Mac’s complicated relationship with the past doesn’t seem to be a new development, however. Until relatively recently, DeMarco was a serial drinker and cigarette smoker, giving up the former in 2020 and the latter in 2022. In an interview with The New Yorker, he questioned if he’d even still be alive had he not stopped, stating that the addiction was quite severe. Of giving up smoking, Mac says that it was “…the worst thing ever,” experiencing withdrawal symptoms that included irrational anger, profuse sweating, intense dizziness, and an inability to sleep. Now unable to escape his feelings by indulging in such vices, Mac seems to realize the futility of running from the past at all, outlined in songs like “Terror,” where he says, “Now my head's back on I see it/All those days of trying to run/What a waste of breath.” Laden over slow, thumping drums that feel in time with a zombie walking, as well as some folky strummed guitar notes, the self-loathing reaches a fever pitch here, with Mac seeming to come to terms with the fact that he’s “just a terror wandering,” describing himself as feeling like a leech, arriving only in time to suck the life out of whoever it is that he’s with.
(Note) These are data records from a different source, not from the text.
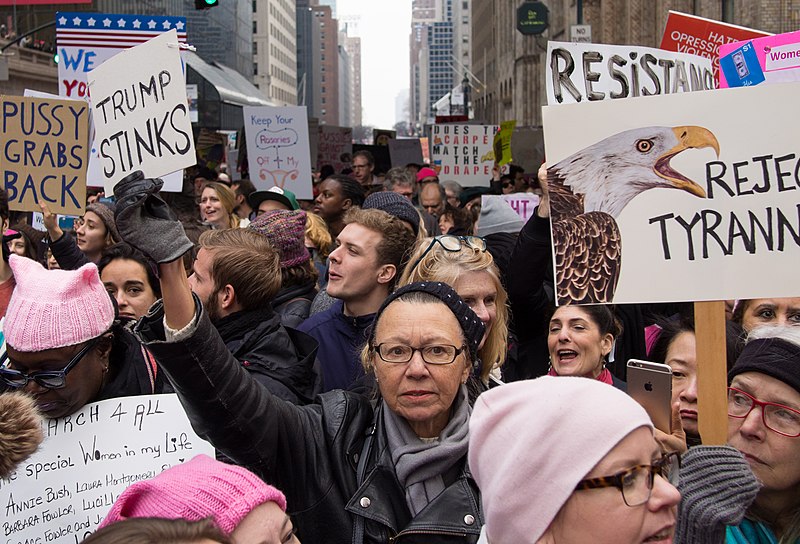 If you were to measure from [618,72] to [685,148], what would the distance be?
280 centimetres

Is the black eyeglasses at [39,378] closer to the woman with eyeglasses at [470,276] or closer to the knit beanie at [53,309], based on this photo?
the knit beanie at [53,309]

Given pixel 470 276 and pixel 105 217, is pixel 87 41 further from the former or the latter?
pixel 470 276

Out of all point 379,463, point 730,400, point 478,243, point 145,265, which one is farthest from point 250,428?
point 145,265

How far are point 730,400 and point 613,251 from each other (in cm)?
58

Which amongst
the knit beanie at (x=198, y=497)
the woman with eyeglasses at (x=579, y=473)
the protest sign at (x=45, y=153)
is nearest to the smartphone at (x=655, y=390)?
the woman with eyeglasses at (x=579, y=473)

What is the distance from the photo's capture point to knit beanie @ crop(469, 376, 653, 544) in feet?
6.44

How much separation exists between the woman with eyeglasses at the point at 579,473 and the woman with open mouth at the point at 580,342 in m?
2.10

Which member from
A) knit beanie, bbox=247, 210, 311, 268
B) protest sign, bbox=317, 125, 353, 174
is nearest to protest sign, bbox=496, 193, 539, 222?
knit beanie, bbox=247, 210, 311, 268

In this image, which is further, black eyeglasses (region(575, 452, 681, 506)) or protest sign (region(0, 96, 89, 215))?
protest sign (region(0, 96, 89, 215))

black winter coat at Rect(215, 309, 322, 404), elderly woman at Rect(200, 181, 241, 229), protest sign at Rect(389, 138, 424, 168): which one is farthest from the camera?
protest sign at Rect(389, 138, 424, 168)

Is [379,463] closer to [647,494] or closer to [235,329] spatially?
[647,494]

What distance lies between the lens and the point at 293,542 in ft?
7.02

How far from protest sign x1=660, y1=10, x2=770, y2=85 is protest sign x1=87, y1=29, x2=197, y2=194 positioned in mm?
4005

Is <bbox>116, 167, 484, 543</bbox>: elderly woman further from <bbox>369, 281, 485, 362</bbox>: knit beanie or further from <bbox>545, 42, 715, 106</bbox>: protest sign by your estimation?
<bbox>545, 42, 715, 106</bbox>: protest sign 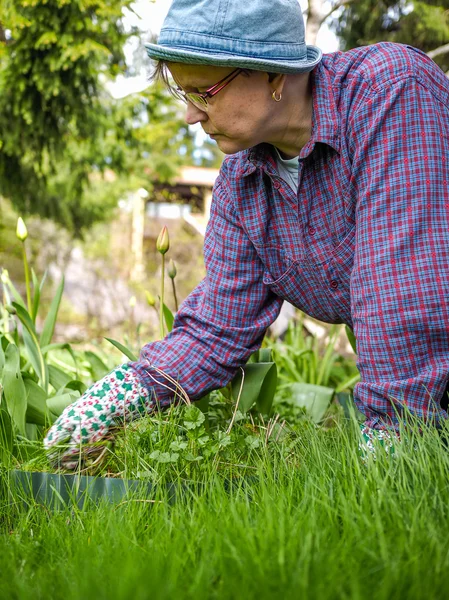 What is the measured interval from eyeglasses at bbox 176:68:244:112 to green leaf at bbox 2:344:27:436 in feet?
3.07

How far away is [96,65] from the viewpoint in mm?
4863

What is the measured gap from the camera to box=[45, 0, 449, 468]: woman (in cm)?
150

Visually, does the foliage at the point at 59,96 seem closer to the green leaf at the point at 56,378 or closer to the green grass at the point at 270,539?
the green leaf at the point at 56,378

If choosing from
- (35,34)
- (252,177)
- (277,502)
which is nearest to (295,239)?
(252,177)

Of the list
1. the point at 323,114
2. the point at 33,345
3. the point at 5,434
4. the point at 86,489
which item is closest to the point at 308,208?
the point at 323,114

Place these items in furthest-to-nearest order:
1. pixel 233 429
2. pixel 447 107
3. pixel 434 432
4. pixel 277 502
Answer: pixel 233 429 < pixel 447 107 < pixel 434 432 < pixel 277 502

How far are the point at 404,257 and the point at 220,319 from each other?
67cm

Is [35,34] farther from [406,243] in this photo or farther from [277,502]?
[277,502]

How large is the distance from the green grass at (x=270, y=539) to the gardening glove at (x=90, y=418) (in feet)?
0.66

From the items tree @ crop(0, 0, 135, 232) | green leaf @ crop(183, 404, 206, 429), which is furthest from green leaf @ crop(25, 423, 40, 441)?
tree @ crop(0, 0, 135, 232)

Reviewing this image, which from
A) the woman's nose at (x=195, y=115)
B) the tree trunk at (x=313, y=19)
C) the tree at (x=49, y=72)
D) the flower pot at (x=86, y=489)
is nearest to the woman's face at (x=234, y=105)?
the woman's nose at (x=195, y=115)

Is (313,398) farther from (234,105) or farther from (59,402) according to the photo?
(234,105)

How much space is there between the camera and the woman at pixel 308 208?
1.50 meters

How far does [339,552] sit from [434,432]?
50 centimetres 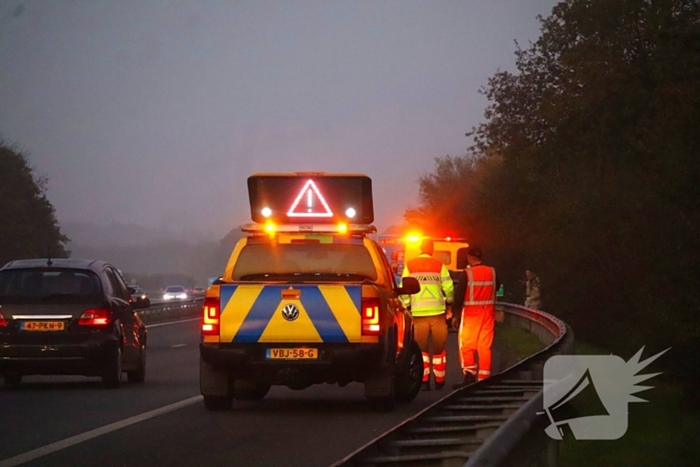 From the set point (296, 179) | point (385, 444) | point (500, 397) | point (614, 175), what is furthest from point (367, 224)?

“Punishment” is a real standout on the project. In just two minutes, Mac manages to capture the essence of confusion and frustration in the face of overwhelming adversity, questioning everything you’re taught as a kid when it doesn’t prepare you for the hardships of life, all while staying true to the album’s style and formula. “…Mama / I was told that punishment will come to / Those of us who don’t do what we’re made to / But how on earth is anyone to know? / If the lane you travel is your own?” Mac says over a strummed folky guitar in a chorus that gives the feeling of a traveler on a lone voyage, traversing a path unexplored by anyone previously.
Overall, Mac DeMarco’s Guitar is a gut-wrenching and naked display of humanity, with all of its blemishes and imperfections. It’s a scrapbook of painful memories and regrettable decisions paralleled with their divine consequences, all culminating in a plea to a higher power as Mac prays to be saved by some miraculous act of divine intervention on the album’s penultimate track, “Holy.” The album ends with a gentle fade to black on “Rooster,” the closing track, where Mac declares that despite everything that came previously, “[he’ll] still rise up with the rooster,” and while the simplistic, uniform production and demo quality occasionally does, at times, leave more to be desired from songs like “Nightmare,” Rock And Roll,” “Nothing At All,” and just in general, the vulnerability, depth of emotion, and guttural rawness are quite admirable from an artistic standpoint, providing a vivid, unfettered image of the enigmatic Mac DeMarco.